TASK DESCRIPTION>
Return the listing that follows exactly, with no pictures included.

STORED DATA>
BEGIN

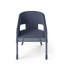Criston Patio Chair with Cushions-474264935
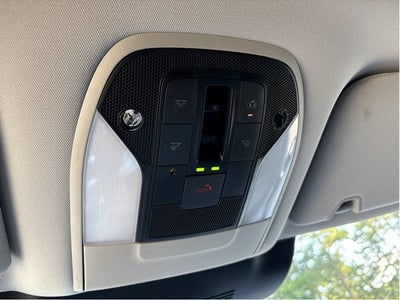 2026 INFINITI QX60 Luxe FWD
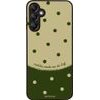 Sonique ���� Delulu Polka Era Series ��� Samsung Galaxy A14 4G / Galaxy A14 5G Delulu Matcha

END

TASK RESULT>
Criston Patio Chair with Cushions-474264935
 2026 INFINITI QX60 Luxe FWD
 Sonique ���� Delulu Polka Era Series ��� Samsung Galaxy A14 4G / Galaxy A14 5G Delulu Matcha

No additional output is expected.